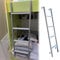 ENHEN Hochbettleiter Verstellbare Zweiketten -Bunk -Leiter - 116 cm / 130 cm / 140 cm / 150 cm Groß, Robus Heavy Duty Home Camper Bett Side Leiter, Metall-Leiter (Size : 130cm/50)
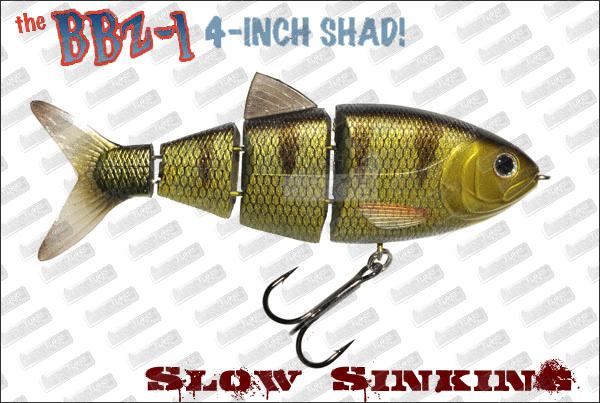 SPRO BBZ-1 Shad Slow sinking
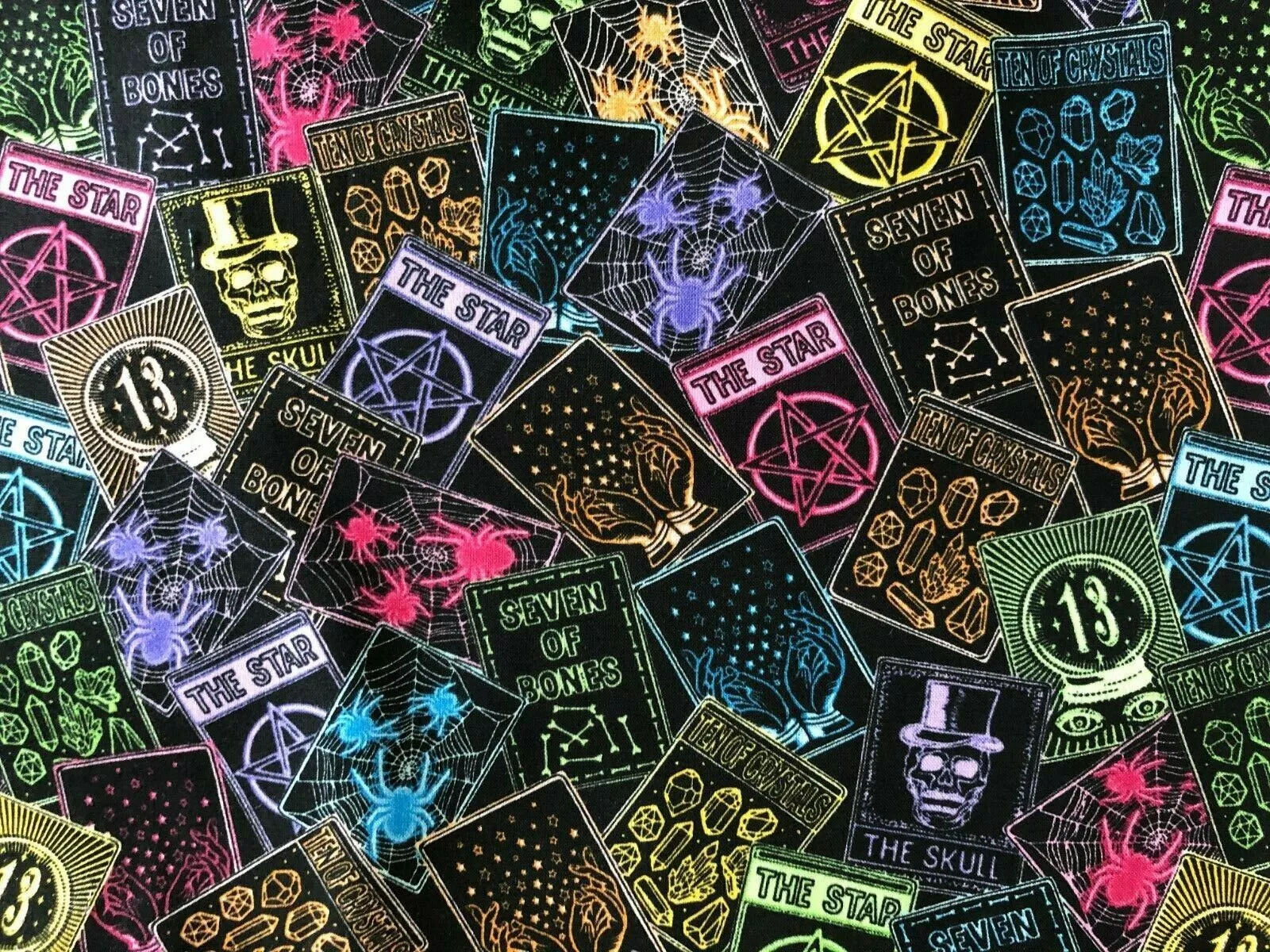 Halloween Neon Fortune Teller Tarot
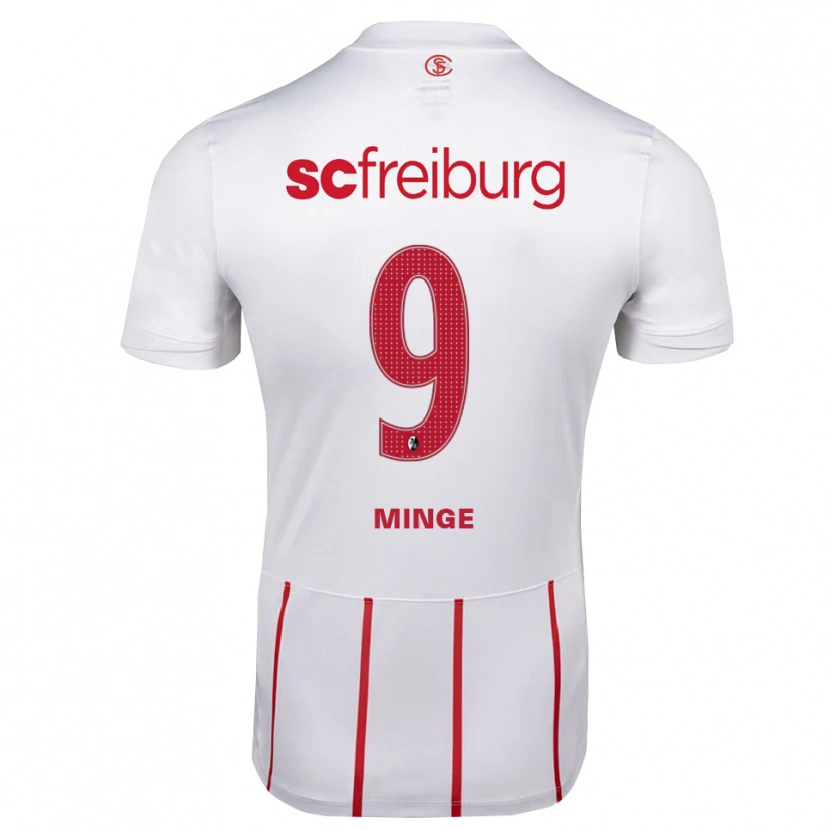 Danxen Herren Janina Minge #9 Weiß Rot Gelb Auswärtstrikot Trikot 2026/27 T-Shirt Schweiz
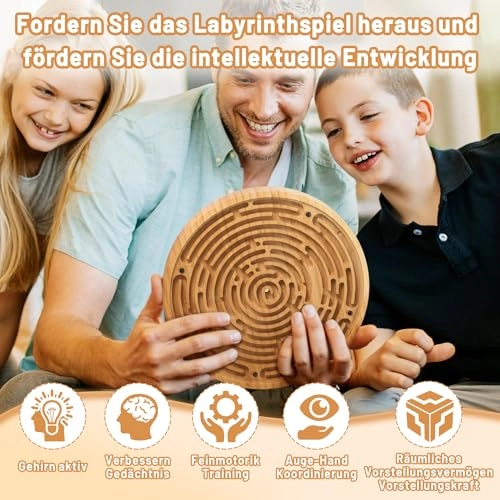 Crazy Labyrinth Wooden Puzzle (1002) - 1 pcs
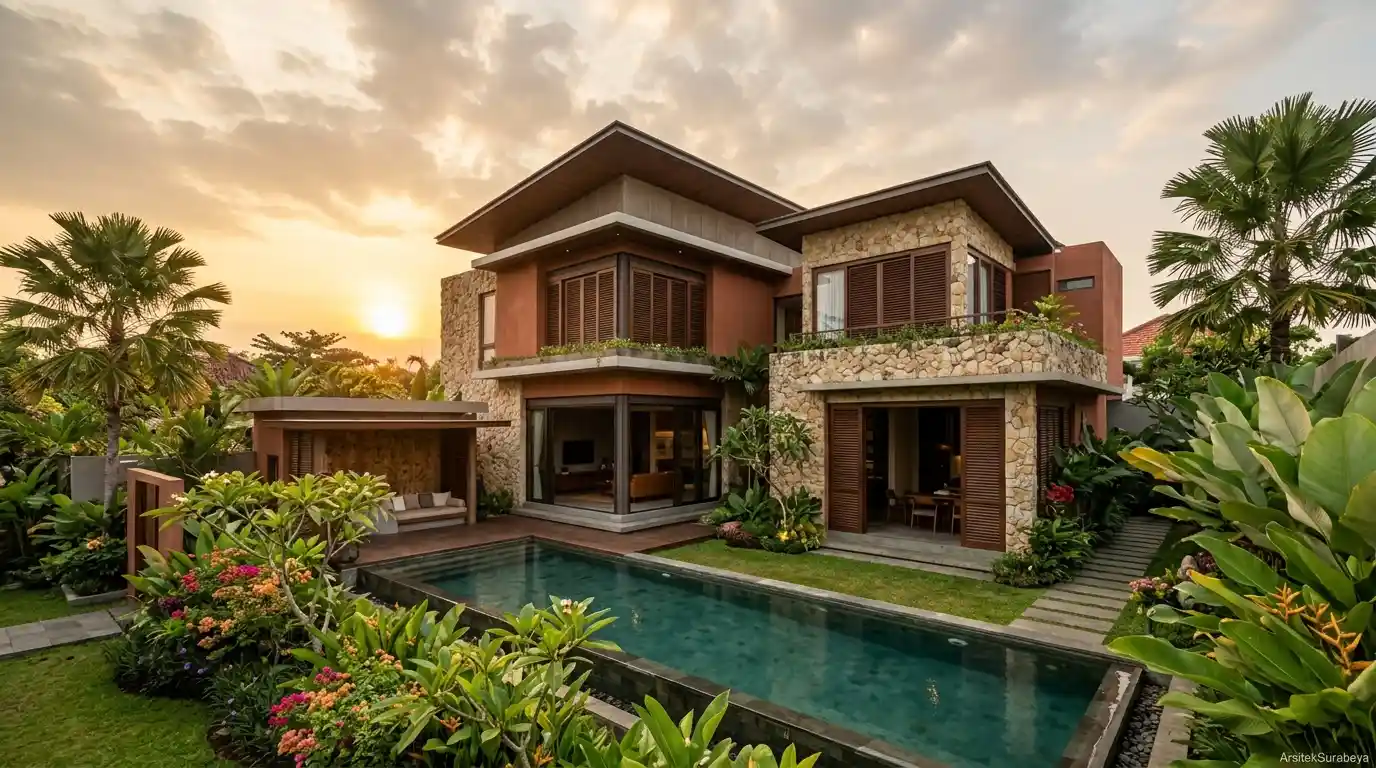 Panduan Membangun Rumah Tropis Modern Surabaya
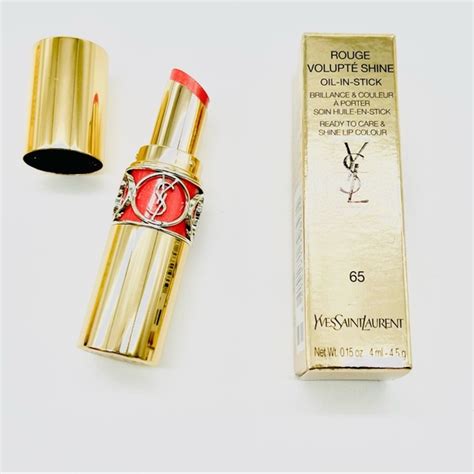 ysl rouge volupte shine 65 iredescent coral|YSL beauty color palette.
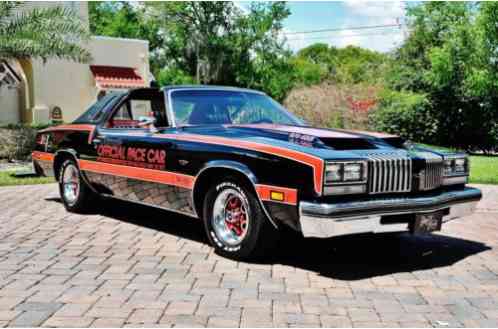1977 Oldsmobile Cutlass Supreme Pace Car Tribute Stunning T-Tops 455 HO
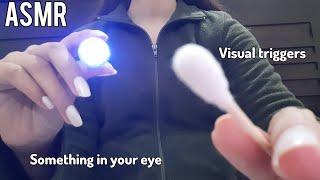 ASMR Fast Eye Exam(follow my instructions)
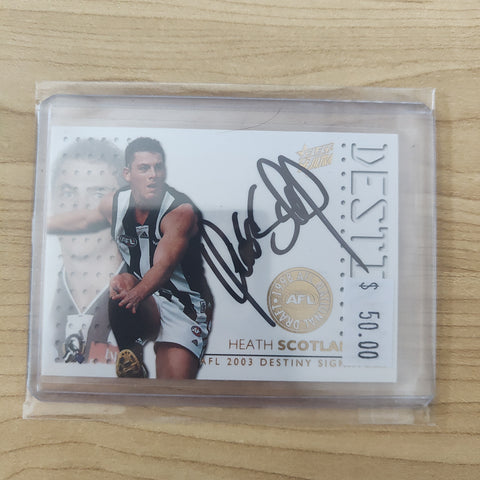 2003 Select Destiny Signature Heath Scotland Collingwood 147/428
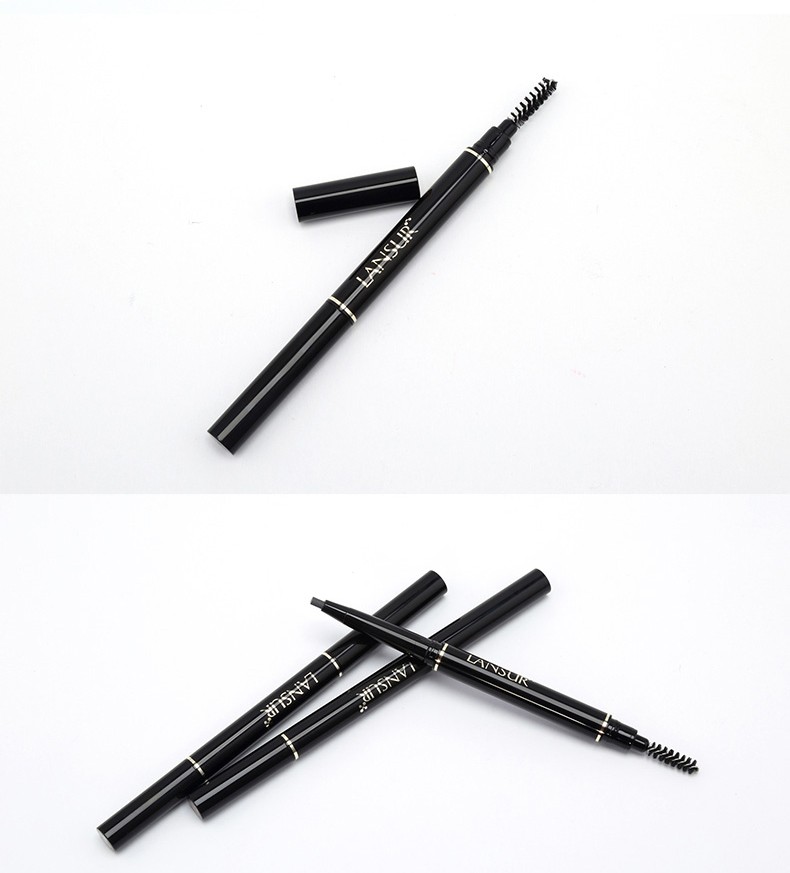 兰瑟(lansur)眉笔恒采塑型自动双刷头 不易晕染初学者女 2#棕色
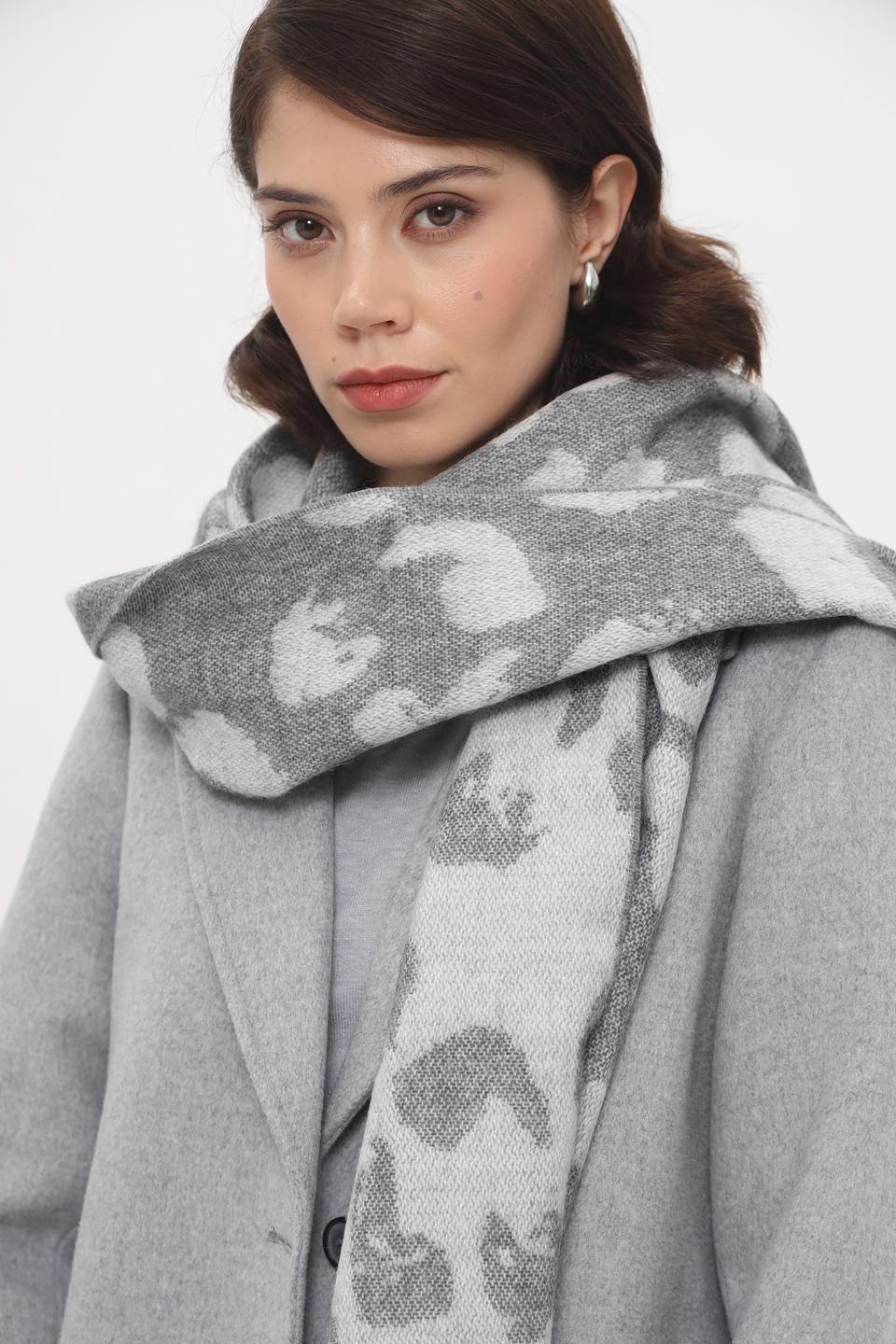 Шарф Fraas с леопардовым принтом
• • • • • • •
What you write must match the listing exactly, from the line with "SPRO BBZ-1 Shad Slow sinking" up to and including the line with "ysl rouge volupte". Pictures stay out.

 SPRO BBZ-1 Shad Slow sinking
 Halloween Neon Fortune Teller Tarot
 Danxen Herren Janina Minge #9 Weiß Rot Gelb Auswärtstrikot Trikot 2026/27 T-Shirt Schweiz
 Crazy Labyrinth Wooden Puzzle (1002) - 1 pcs
 Panduan Membangun Rumah Tropis Modern Surabaya
 ysl rouge volupte shine 65 iredescent coral|YSL beauty color palette.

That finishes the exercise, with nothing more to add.